Let me stop mid-blog for a moment and say that as a big reader myself, I am exceedingly careful not to give away the ending of a good book lest I ruin it for future readers. With that said, consider this a spoiler alert: I’m about to tell you what happens in the end of the book because a) it will only spoil the handful of minutes it would take you to get through its 32 pages, and b) it so perfectly captures what I’ve always believed is a fundamentally important lesson in discipline for parents or caregivers.
In the beginning of the book, Time-Out for Sophie paints a picture of a misbehaving bunny who repeatedly gets put into time-out by her understandably frustrated parents, only to return to her button-pushing behavior. I don’t think there’s a parent out there who hasn’t experienced challenging behaviors like Sophie’s, nor a parent/caregiver who hasn’t employed the same disciplinary approach with limited effect. The book ends, however, with a granny bunny who is clearly wise beyond her years. When Sophie’s limit-testing behavior ensues yet again while granny is reading a book to her, granny chooses a novel approach. She decides to give herself a time-out. And guess what happens? Sophie stops what she’s doing and all but begs for granny to take herself out of time-out and continue reading. It is so simple, and in my experience, highly effective. Go granny!
So what’s the moral of the Sophie story? The answer isn’t actually as short as it may seem, because this book manages to dive layers deep into the importance of early childhood development and positive parenting – illustrating how much more effective it is when adults apply a good understanding of predictable early childhood behaviors and then help young children learn to want to spend time–in rather than assign them time-out. These skills may not seem like rocket science, but they are, in fact, consistent with brain science. How we interact with young children has everything to do with how their brains develop. The social, emotional and cognitive milestones of early childhood are both important and clearly defined, as are the developmental milestones of early literacy.
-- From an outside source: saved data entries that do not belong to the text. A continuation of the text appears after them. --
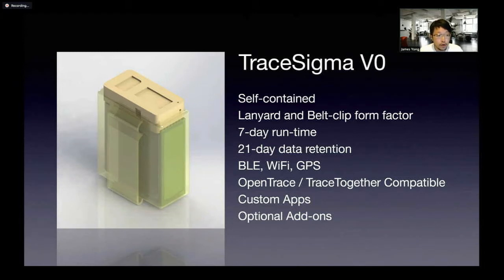The V0 version kind of looks like a pager. The design goals were to have it purely self-contained — no mobile app should be required. It should be like a belt clip where someone working in healthcare or construction would just clip it on and go about their work. It has a decent runtime of about seven days. We wouldn't have the great runtime of five or six months like the TraceTogether token, but seven days is a good goal for a start.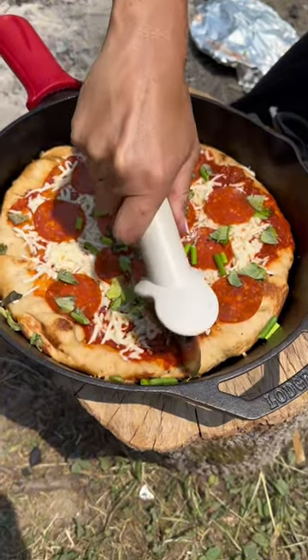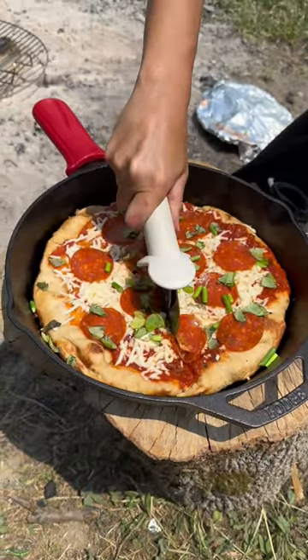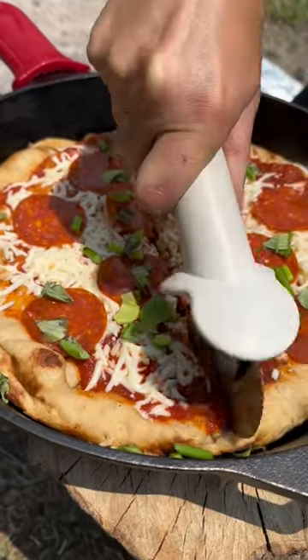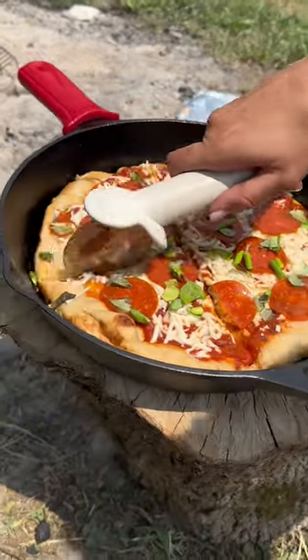Let's cut this baby up, put the dog hair off of there. Oh, perfectly crunchy bottom. And we'll cut another piece here.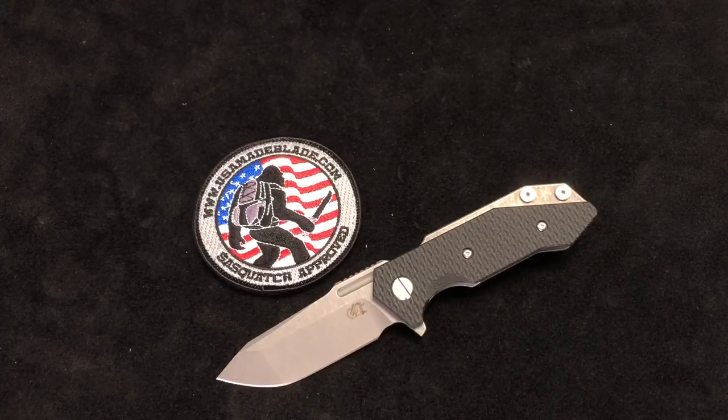Hey folks, it's Whitty here at USMA Blade, coming to you from the shop today. Very excited to introduce the new Hinder Half-Track Spanto Gen 2 on the Tri-Wave Pivot System — and this is also a USMA Blade exclusive.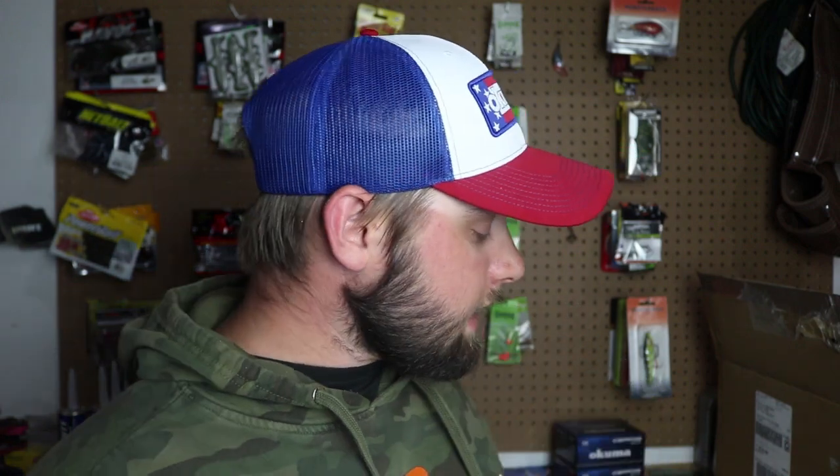I also have a channel called Wisconsin Wild Man, linked down in the description. I do a ton of bass fishing — I've been out hammering the smallies lately. If you love smallmouth fishing tips and tricks videos, consider checking out my channel as well.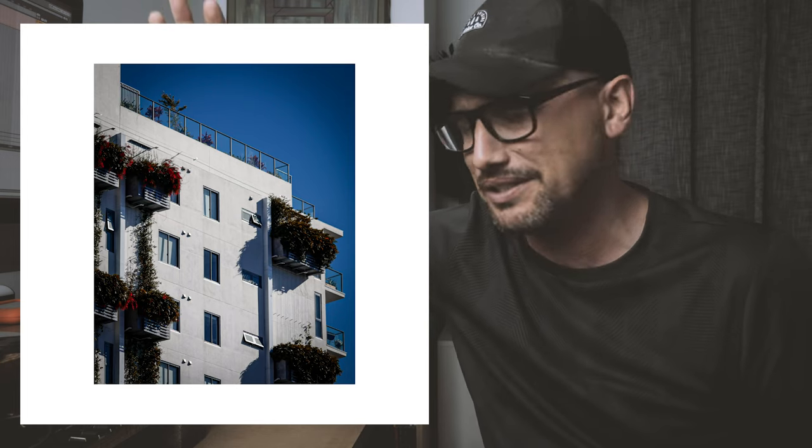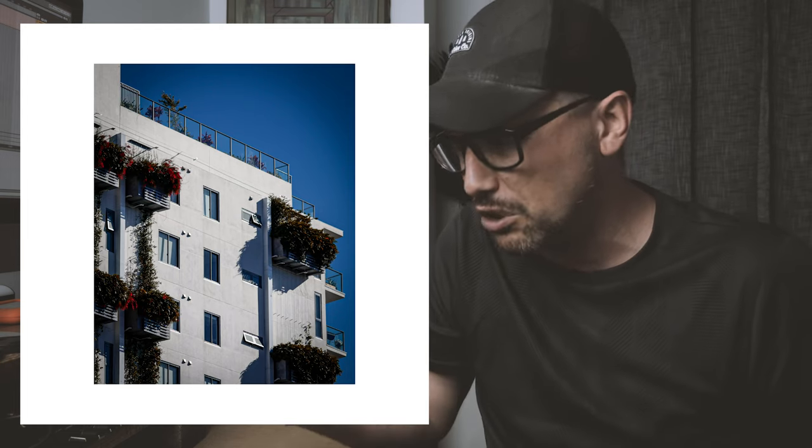My second choice — one I shouldn't have sold — is the Olympus 12-40mm f/2.8. Yes, a zoom lens for street photography. If you haven't used a zoom lens for street photography, I highly recommend you give it a try. Your compositions skyrocket, it gives you so many different options, especially if you're in a bit of a rut with prime lenses. The zoom really can break you out of a funk. It has a super versatile zoom range of 12 to 40mm, or 24 to 70mm full-frame equivalent.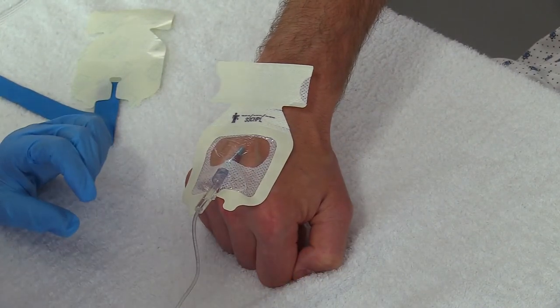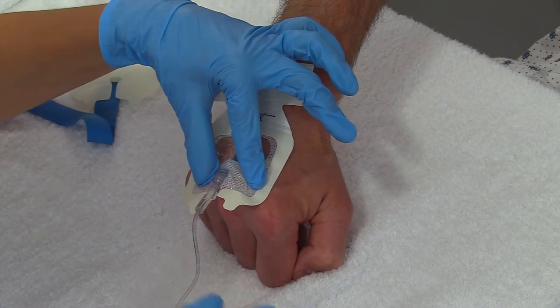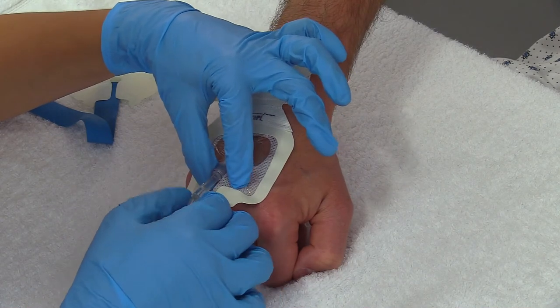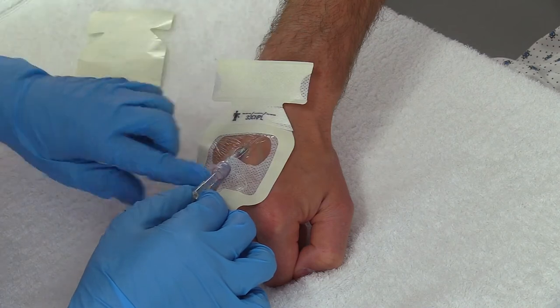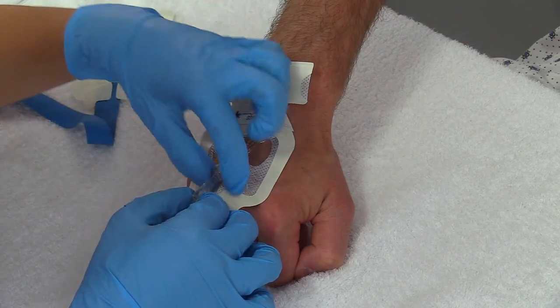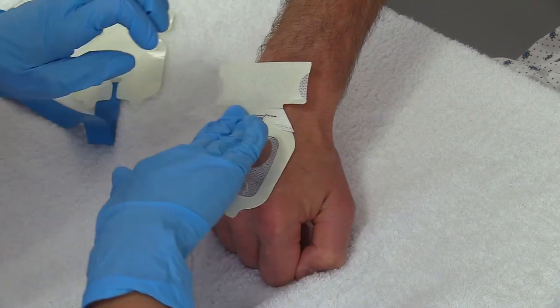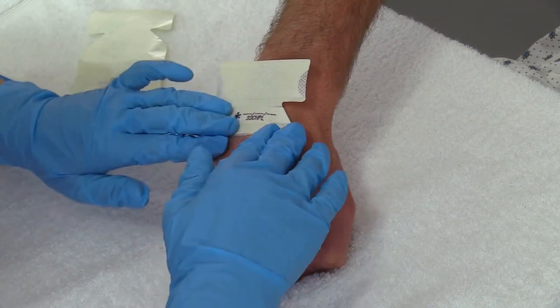Then I want to slightly compress these sides, and I'm going to just lift this tubing up a little bit because I want those notched parts to get underneath that part of the IV. So I'm pressing everything down, making sure it's nice and secure.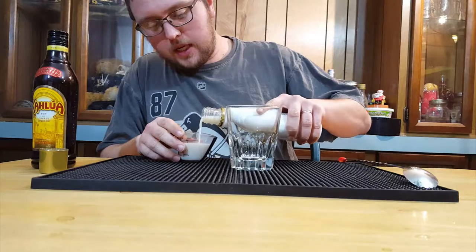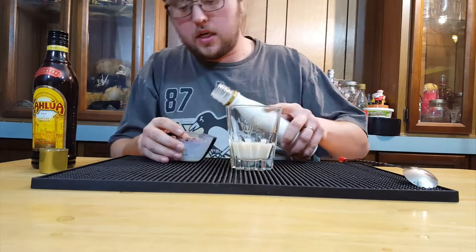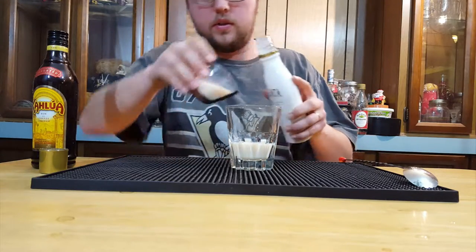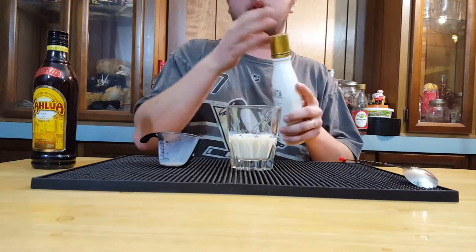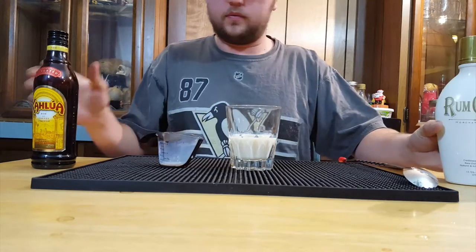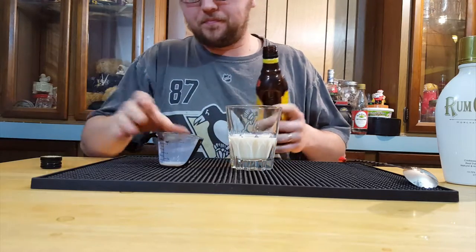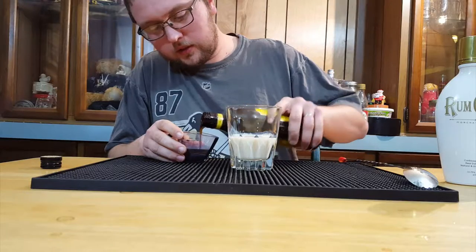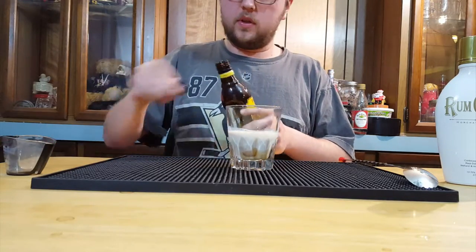You want to start out by taking three parts of Rum Chata — I'm using three ounces in this case, but break it into parts if you want to make a bigger or smaller batch. So three ounces of the Rum Chata, followed up by one ounce of the coffee liqueur.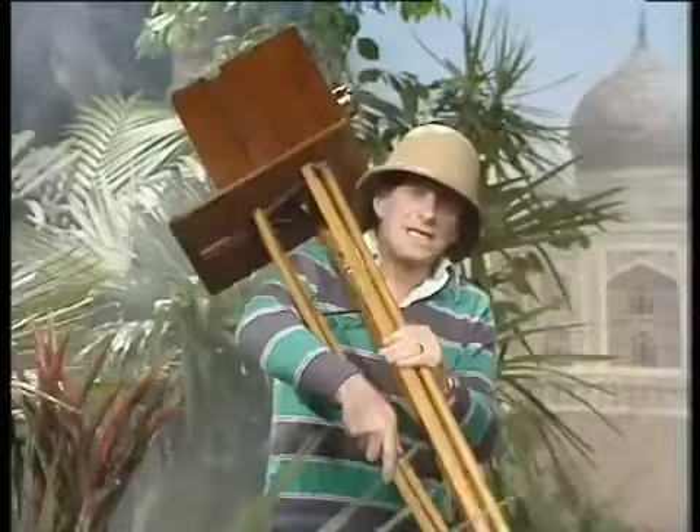As soon as the wet plate photography system came into being, intrepid photographers set off to every corner of the globe. Travellers have been bringing back stories of the wondrous things they've seen for centuries, but now the photographers could bring back concrete evidence — pictures!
And the importance of a caring, responsive adult and the development of executive function skills in preschoolers should not be underestimated, as they are central to our children’s healthy growth and development. It was for these reasons that I was left thinking about my conviction that young children would be better off if we, as parents, not only made time to read aloud to them each and every day, but if we also strove to possess the insight and patience of Sophie’s granny….and Max and Ruby’s mom, Rosemary Wells.